The full argument is of the form "X is easy to do and hard to detect, so it would require police state tactics to have any hope of enforcing a law against it". The war on drugs is the classic example for this. Murder isn't; killing someone may be relatively easy, but it's usually obvious when it happens and it's hard to avoid leaving evidence of your involvement.

>The full argument is of the form "X is easy to do and hard to detect, so it would require police state tactics to have any hope of enforcing a law against it".

Plenty of crimes go unsolved in most cases. Littering, for example.

When you do catch an internet marketing company deanonymizing data, you can throw the book at them though. Strong penalties can serve as sufficient discouragement to others even if they are unlikely to get caught.

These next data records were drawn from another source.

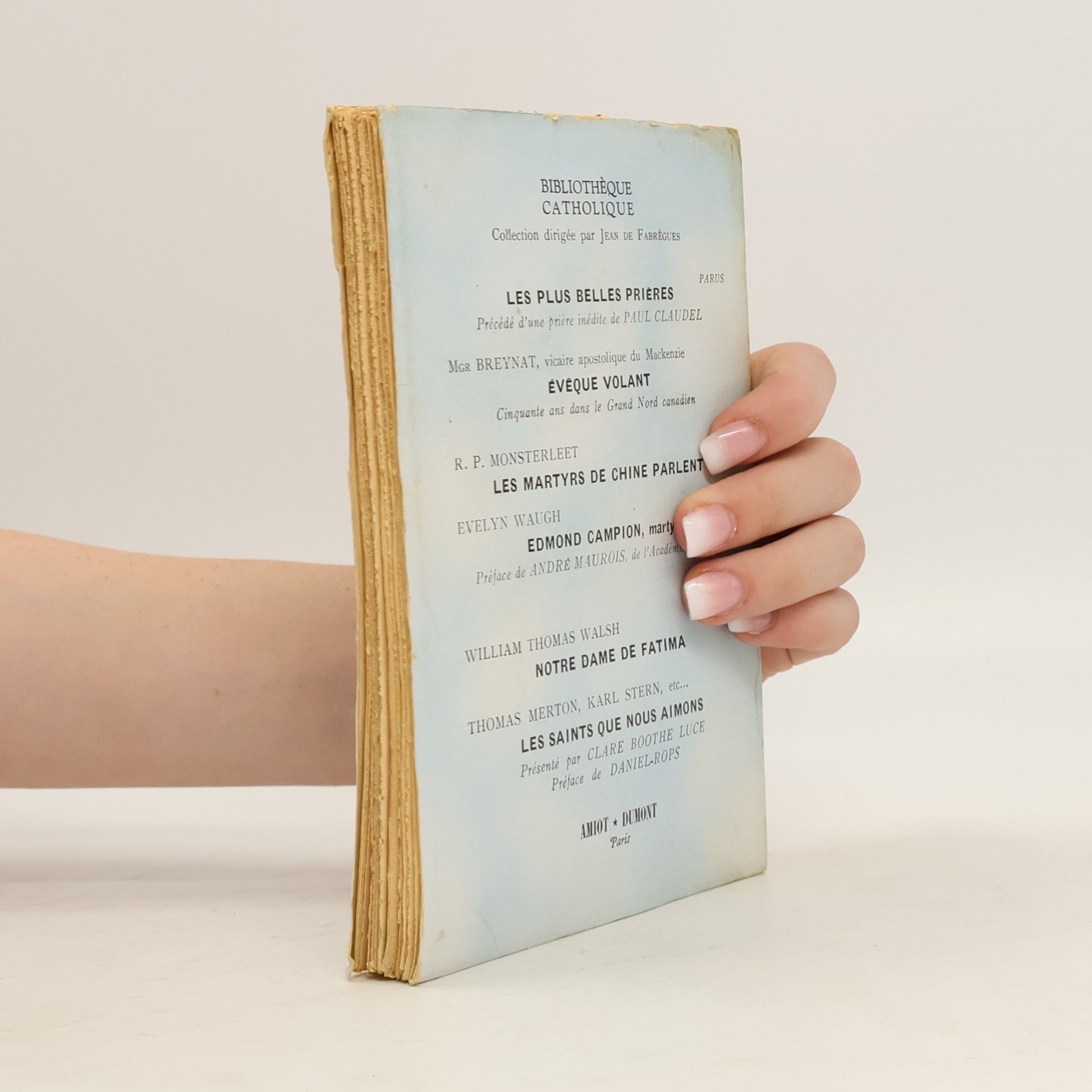 Paul Claudel Trois figures saintes pour le temps actuel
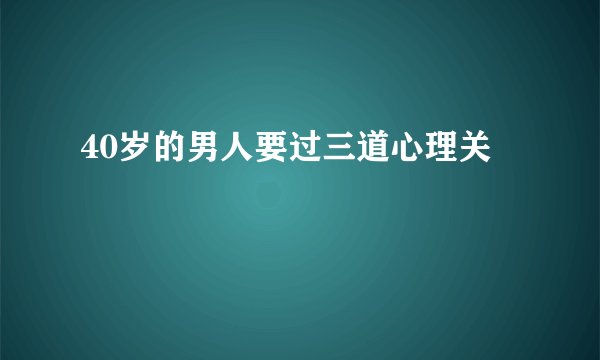40岁的男人要过三道心理关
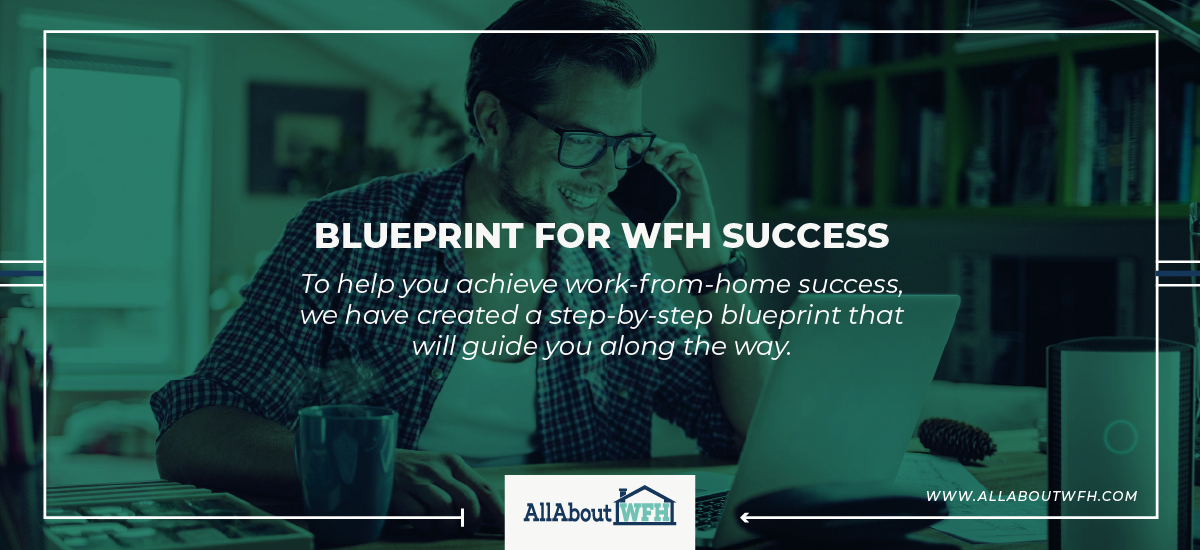 Blueprint for WFH Success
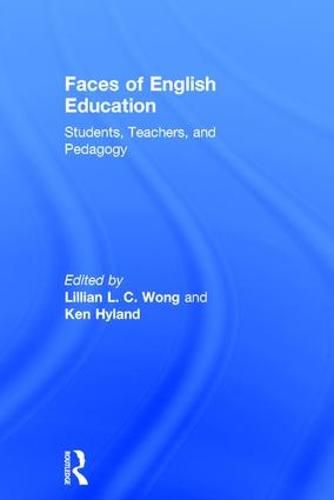 Cover image for Faces of English Education: Students, Teachers, and Pedagogy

As far as I understand the GDPR, email hashes wouldn't be "anonymous" data at all, they'd be considered pseudo-anonymous (and therefore still PII)

I mean the problem is that this makes good-willed sites like haveibeenpwned.com illegal in the UK (with criminal sanctions) as they attempt to re-identify data that comes from a breach.

But on the other hand, I don't see why processing PII that comes from a data breach with the intent of de-anonymising it should be legal.

Maybe protections should be in place for security researchers, but how do you distinguish between them and malicious actors?

> I'm kind of tired of this tech culture meme, that something should be allowed because it is easy.

It's not just that it's easy; it's that it can be done merely by thinking in a particular way about information that's public or that was freely given to the person doing it. I'm not sure the fact that the thinking is done mainly with the aid of an algorithm changes the fundamental concept.

It probably shouldn't be illegal to think about things or to process data you've obtained legitimately whether it's easy or hard.

And what of the examples in the article about reidentifying Netflix users from public data, or reidentifying people from Australian census data? These two incidents could no longer, legally, be publically written about. We'd be left discussing only theoretical applications (ie "this is why MD5 is weak" vs "this is how you can deanonymize this real-world complete example"), which simply never has the same impact.

Do we have to start posting these on Pastebin instead of Medium now? Can 3rd parties report them during a security audit?

Even if this has all the good intentions of preventing scummy marketers from scraping data, the execution, if history is any indicator, will likely result in a law can be used to throw people in jail for reversing an MD5 hash.

Anything that attempts to ascribe intention to code is going to run into a lot of corner cases; see the long history of "copying" programs vs copyright law.

"Knowingly" is similarly vague: are you knowingly running every line of code executing on your machine right now? How would you be sure?

> "Knowingly" is similarly vague: are you knowingly running every line of code executing on your machine right now? How would you be sure?

That's exactly the point. If you perform the act unknowingly, you're innocent of the offence.